Prince Ali of Jordan has lined himself with fellow FIFA vice-president Michel Platini in endorsing the idea of staging the Qatar’s 2022 World Cup finals in the northern hemisphere winter.

UEFA president Platini, along with former FIFA executive member Franz Beckenbauer, have been among the loudest of voices proposing such a switch since soon after the surprise vote among the world federation’s top directors in December 2010.

Platini’s adherence to the idea was an initial surprise, given the upheaval such a switch would cause European’s Big Five league in which the majority of World Cup stars play their club football.

Prince Ali comes from a different direction as the Asian Football Confederation’s choice as its senior representative on the FIFA executive committee, a position he took up in the spring of last year. He has a particular knowledge of the main issue: coping with the summer temperatures in the Middle East.

The issue is kept alive because the European media, with particular concerns over the continent’s club football agenda, raise it regularly – almost mischeviously – with Platini. The Frenchman has never made a secret of the fact that he was one of those members of the FIFA exco who backed Qatar [He has also always denied that he did so at the ‘request’ of then President Nicolas Sarkozy].

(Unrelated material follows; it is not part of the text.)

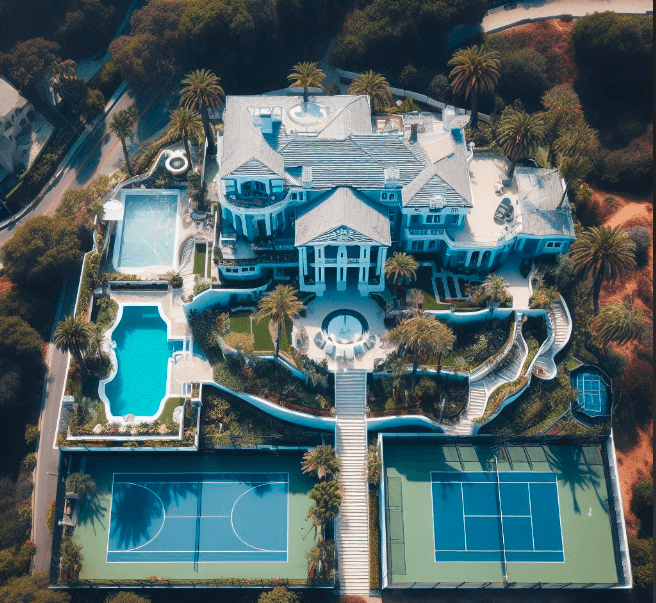 Blueface House: The Los Angeles Mansion!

Prince Ali was not a member of the FIFA exco when the vote was taken and understands that the Qatari organisers have always expressed a willingness to fall in line with whatever the world federation wants. The issue has a political dimension because Platini has been tipped as a likely successor to Sepp Blatter if the current president steps down in 2015, as he once suggested.

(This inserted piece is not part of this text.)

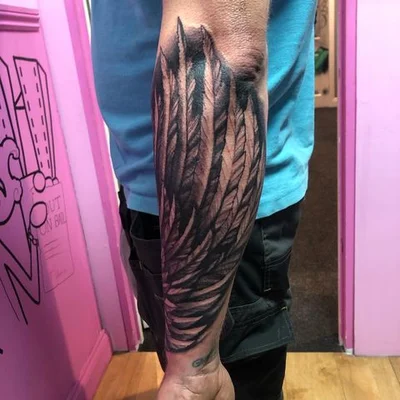 Jake Wadman tattoo 032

“Let’s look at what makes sense,” Prince Ali told this writer. “If the Qataris want to do it in summer they can I suppose.

“But, in my personal opinion as a football fan, it would be more conducive to do it in winter both weather wise for the fans and also for money to be invested in other things – such as development in the region – rather than on cooling equipment.

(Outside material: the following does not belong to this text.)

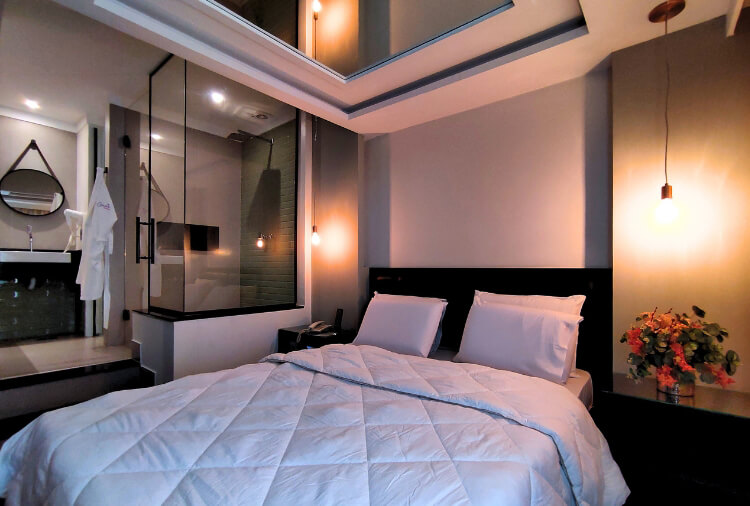 Suíte Safira Moderna - Foto 1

“I’m saying this not for any other reason but for what is most practical and I see no reason why not. In the Europe they have a winter break for the players and if UEFA is OK with it then why not?”

The Qataris, like the Russian hosts for 2018 and very much unlike the Brazilian hosts for 2014, have already set up their project management operation and started work. This, and a need to resolve the uncertainty which will hover in due course over European league TV negotiations, means that a summer/winter decision can not be forever put on the backburner.

Prince Ali said: “Obviously, both FIFA and Qatar have to think seriously about what the future is. There has to be a serious decision made and made soon.”